3) And nothing you don’t… With a very hands-on team from Whitewater, it took roughly three months to implement, most of which was due to the company’s internal IT, and did require some degree of customization. However, the benefits were many; among them:
- Largely eliminated Excel templates;
- Imputed directly at local level, i.e., less treasury intervention;
- No version control issues when edits are made;
- Higher participation;
OUTLOOK
While there is no perfect system which will do everything you want it to do exactly how you want it done, sometimes there are surprisingly effective systems available at relatively low cost and with relatively painless implementations.

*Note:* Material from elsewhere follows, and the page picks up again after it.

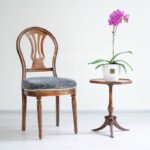 ارکیده بنفش رگه سفید تک شاخه از گیاهان پرطرفدار و ویژه است.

As SaaS providers proliferate and become more accepted as vendors, especially as internal IT chiefs get more comfortable with their security protocols and the like, we may hear more success between companies and their vendors.

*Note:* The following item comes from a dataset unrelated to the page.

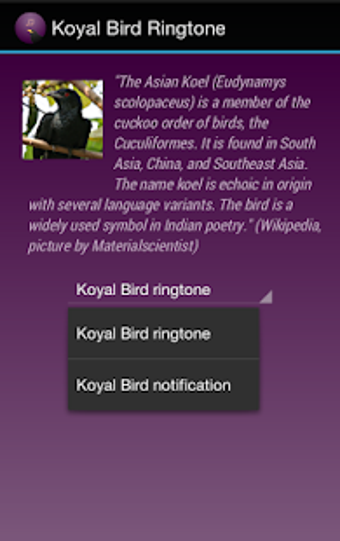 Image 1 for Koyal Bird Ringtone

Hedging with Options: Making It Happen
One member at the time of the meeting was in the process of developing a proposal to introduce FX options in to the hedge program, and therefore sought peers input on his proposal so far and how to proceed. The company hedges its yen-denominated revenues with forwards up to six quarters out with a rolling layered, dollar-cost-average approach. At revenue recognition, the cash-flow hedge is de-designated and turned into a balance sheet until settlement (up to three months).
KEY TAKEAWAYS
1) Protect against a stronger yen, and get upside. After a yen-weakening trend over the last three years (with hedges providing offsetting gains to revenues), and near ten-year lows (in value), the presenting company at the time of the meeting saw a greater risk of the yen strengthening than weakening further (assumption of mean reversal), and was therefore proposing to add options to the instrument mix to participate in upside if the yen should strengthen. The process would be as follows:
- Buy a yen put with expiry in the middle of the quarter between revenue recognition and settlement.
- At revenue recognition, sell a yen put with same expiry, and enter a balance sheet hedge until settlement date.
2) Beware the spread on both sides of the trade. If these hedges are set up programmatically, the bank will know that you are looking to unwind options on a regular basis and may take advantage of this in its pricing. One way to get around some of this risk is to use different counterparties for the original long put and subsequent short put. Accounting may have issues, however, with the risk associated with using different counterparties for the same exposure.
OUTLOOK
The uncertainty of the FX scenario in 2015 may make this a good time to seek approval for adding options to the mix in hedging, since the dollar is in a strengthening trend but there is also more volatility on the horizon. In addition to approval for the use of the instrument itself, it may also be an opportune time to demonstrate the benefits of a premium budget, although in many cases, treasury has to either get approval on a one-off basis or use costless collars.
CONCLUSION & NEXT STEPS
As companies prepare to tackle the remainder of 2015, market and regulatory environments look challenging. Economic outlooks for different parts of the world and policy responses like quantitative easing or interest-rate tightening will likely result both in the strong dollar trend continuing and higher levels of FX volatility. Changes to FX programs, however, should take into account increased compliance burdens and shifting hedge economics, i.e., likely higher costs of hedging. Countering this trend are the efforts to reduce hedging via portfolio approaches, diversification, netting and the like.